Alison Bechdel’s Em Dashes
The New York Times Book Review touched up its credentials as a leading voice in criticism a bit last month by having memoirist Alison Bechdel review a prose book in comics form.
In the magazine's little "Up Front" meta-feature, Bechdel talked about the challenges of that approach. One detail caught my eye:
“Comics take a little more space to cover the same ground,” she said. “They also take more time — I’m pretty sure this took me much, much longer than a written review would have. By the second round of copy editing, as I was adding em dashes and changing word breaks by hand like a printer’s devil, I started to curse the whole undertaking.”And indeed Bechdel’s review includes em dashes--one in a quotation from the book and one in Bechdel’s commentary on that quotation in the same panel.
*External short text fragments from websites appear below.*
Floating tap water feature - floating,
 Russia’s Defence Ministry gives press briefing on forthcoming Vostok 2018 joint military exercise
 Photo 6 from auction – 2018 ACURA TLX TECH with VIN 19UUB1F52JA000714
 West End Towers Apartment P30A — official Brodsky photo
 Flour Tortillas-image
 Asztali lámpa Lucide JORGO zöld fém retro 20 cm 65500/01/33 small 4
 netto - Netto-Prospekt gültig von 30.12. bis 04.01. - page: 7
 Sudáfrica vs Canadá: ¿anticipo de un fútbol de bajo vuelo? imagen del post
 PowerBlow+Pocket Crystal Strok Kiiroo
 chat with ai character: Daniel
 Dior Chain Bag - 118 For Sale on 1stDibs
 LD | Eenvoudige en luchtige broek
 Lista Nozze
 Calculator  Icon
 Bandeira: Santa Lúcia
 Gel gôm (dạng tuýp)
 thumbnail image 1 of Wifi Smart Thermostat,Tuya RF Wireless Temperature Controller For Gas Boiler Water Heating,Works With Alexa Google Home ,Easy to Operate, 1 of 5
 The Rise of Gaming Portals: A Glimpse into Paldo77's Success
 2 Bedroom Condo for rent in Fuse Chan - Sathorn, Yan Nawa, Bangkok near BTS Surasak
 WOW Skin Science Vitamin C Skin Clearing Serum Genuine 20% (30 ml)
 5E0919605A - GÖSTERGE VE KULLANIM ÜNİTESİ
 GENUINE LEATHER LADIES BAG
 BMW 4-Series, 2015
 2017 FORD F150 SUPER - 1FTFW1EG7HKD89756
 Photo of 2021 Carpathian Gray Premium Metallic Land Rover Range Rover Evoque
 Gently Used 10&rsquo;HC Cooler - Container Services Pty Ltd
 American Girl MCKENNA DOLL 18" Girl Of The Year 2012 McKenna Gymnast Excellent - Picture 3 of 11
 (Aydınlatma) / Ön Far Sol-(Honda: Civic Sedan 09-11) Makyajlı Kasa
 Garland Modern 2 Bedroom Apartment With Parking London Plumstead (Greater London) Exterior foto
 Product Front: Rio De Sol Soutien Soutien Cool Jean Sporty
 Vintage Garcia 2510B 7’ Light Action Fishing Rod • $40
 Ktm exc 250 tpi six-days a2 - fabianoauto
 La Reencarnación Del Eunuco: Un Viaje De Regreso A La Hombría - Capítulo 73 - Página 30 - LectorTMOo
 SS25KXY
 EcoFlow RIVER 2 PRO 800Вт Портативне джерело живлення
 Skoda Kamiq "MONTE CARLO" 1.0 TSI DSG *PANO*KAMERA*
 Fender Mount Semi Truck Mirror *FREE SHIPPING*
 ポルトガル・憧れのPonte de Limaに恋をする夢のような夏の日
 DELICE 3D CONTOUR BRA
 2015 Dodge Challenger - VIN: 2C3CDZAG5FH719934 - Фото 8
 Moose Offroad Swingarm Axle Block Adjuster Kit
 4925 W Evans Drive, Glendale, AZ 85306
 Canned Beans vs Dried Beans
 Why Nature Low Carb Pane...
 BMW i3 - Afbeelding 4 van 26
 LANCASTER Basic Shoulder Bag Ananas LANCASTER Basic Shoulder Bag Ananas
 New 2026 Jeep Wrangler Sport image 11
As Oz and Ends has discussed before, standard American comics style eschews the em dash in favor of the double hyphen. I wondered if Bechdel was adapting to the NYTBR style in this review, but I managed to find one of her Dykes to Watch Out For strips with an em dash. (It took a while. Perhaps her characters are more apt to speak in complete sentences than other folks in comics, or for some reason less prone to interrupt each other.)
I'm convinced Bechdel made a conscious choice to go against the standard on this little point. She's a dictionary fan who even coined the joke, "Does 'anal-retentive' have a hyphen?" back in 1990.